Illumina RNA seq needs to assemble the offline data, Sequence assembly of high-quality sequencing data using Trinity software (Trapnell et al. 2010; Sharon et al. 2013). The detail procedure was reference to manual of Biomarker technologies company.

WGCNA is a common method for constructing gene co-expression networks (Peter and Steve 2008). Through WGCNA analysis was according to the description by Yang et al. (2021).

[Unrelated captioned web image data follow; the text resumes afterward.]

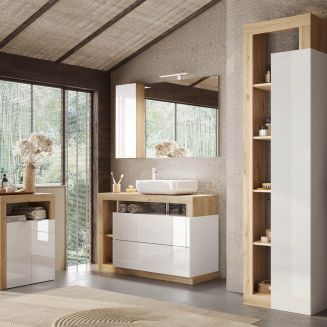ARTURO - Ensemble meuble vasque 110cm + rangement + colonne blanc et aspect bois Cadiz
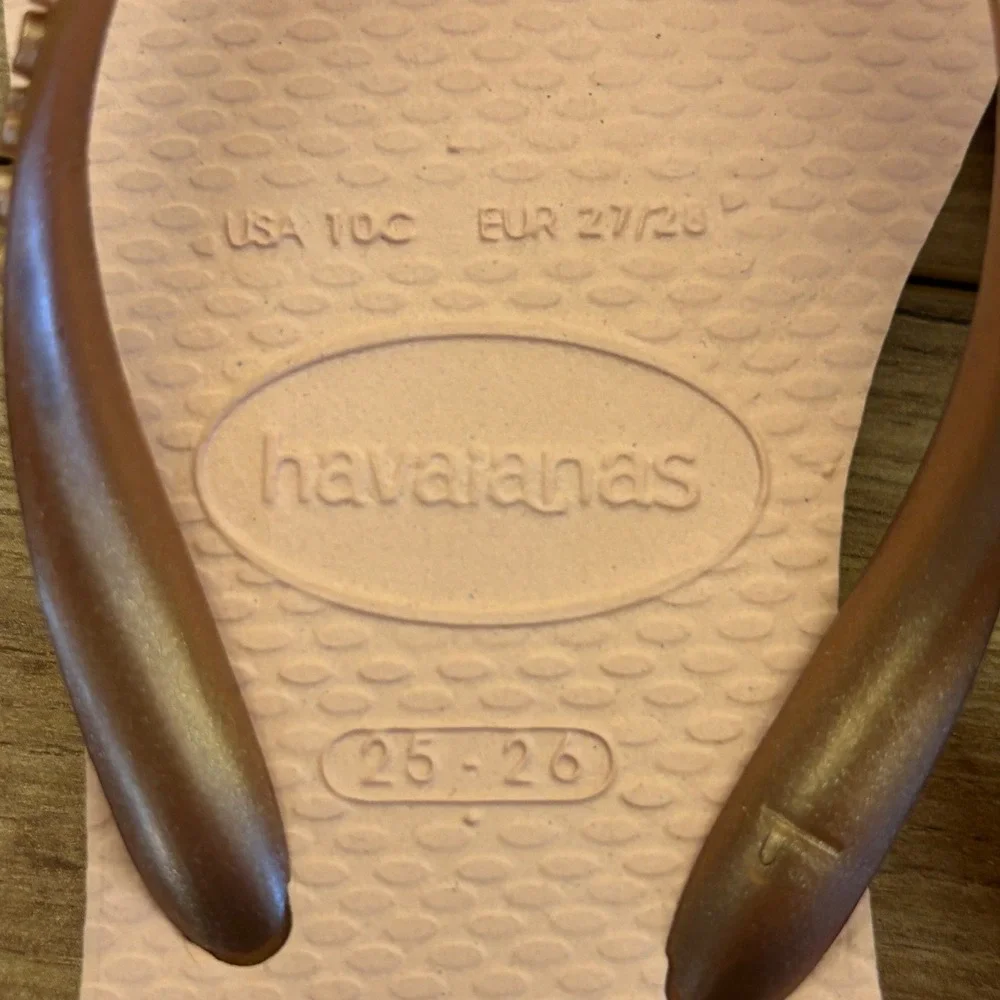 HAVAIANAS Top Tiras‎ Flip Flops Ballet Rose Pink Kids Size 10C Summer Beach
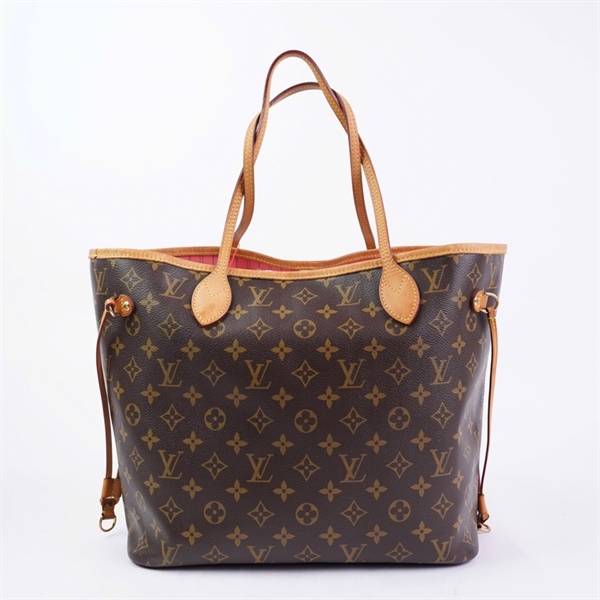 Túi LV Neverfull hoa nâu in chữ hồng kèm ví (CA1175) sz32 (BMC) KG+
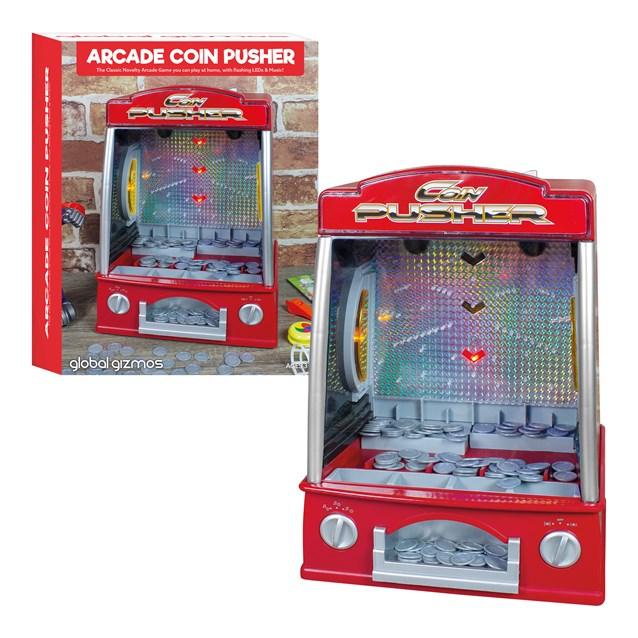 Fairground Coin Pusher Includes Bag Novelty Coins. 4 LED Lights. Music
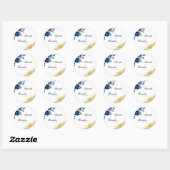 Chic Navy Waterverf Flowers Gold Glitter Wedding Ronde Sticker (Vel)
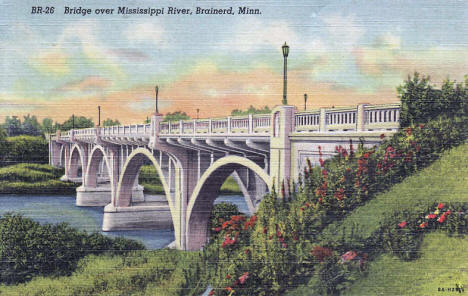 Mississippi River Bridge, Brainerd Minnesota, 1938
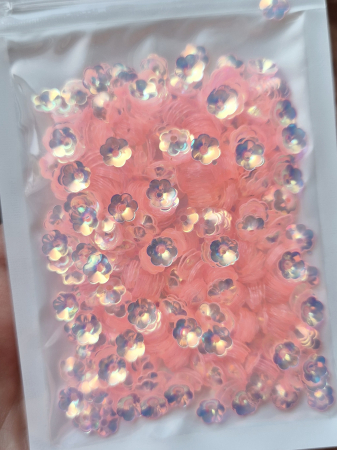 Roz - Paiete floare cupa 6mm roz transparent JG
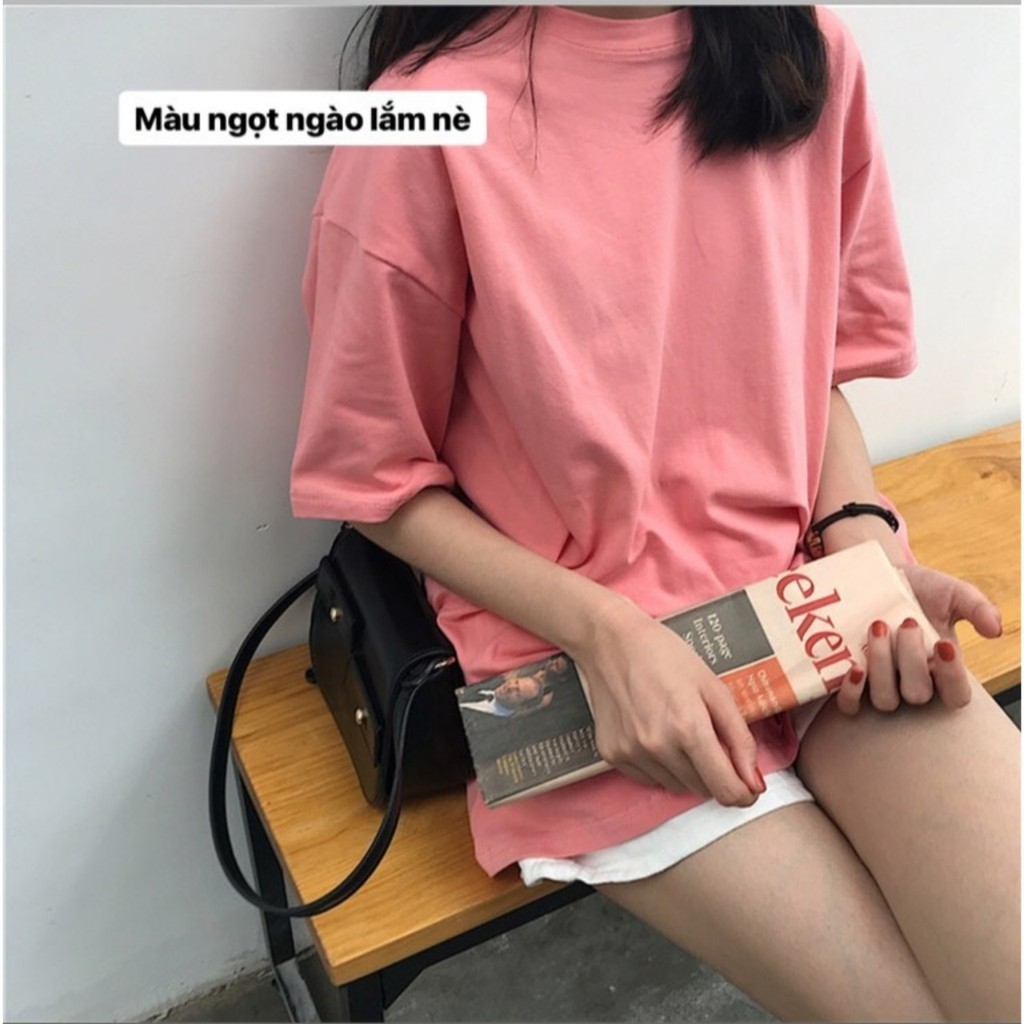 áo thun tay lỡ màu HỒNG PHẤN nam &amp; nữ FOME RỘNG có chọn size, chất thun xịn 3YY-77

The new Duncan's multiple range test in one-way ANOVA was used; The Kruskal-Wallis test in the unpaired test was used when they were not uniform. The different significance represented the different letters. And p < 0.05 means a significant difference.

Not applicable.

All authors approve the manuscript and consent to publication of the work.

The authors declare no conflict of interest.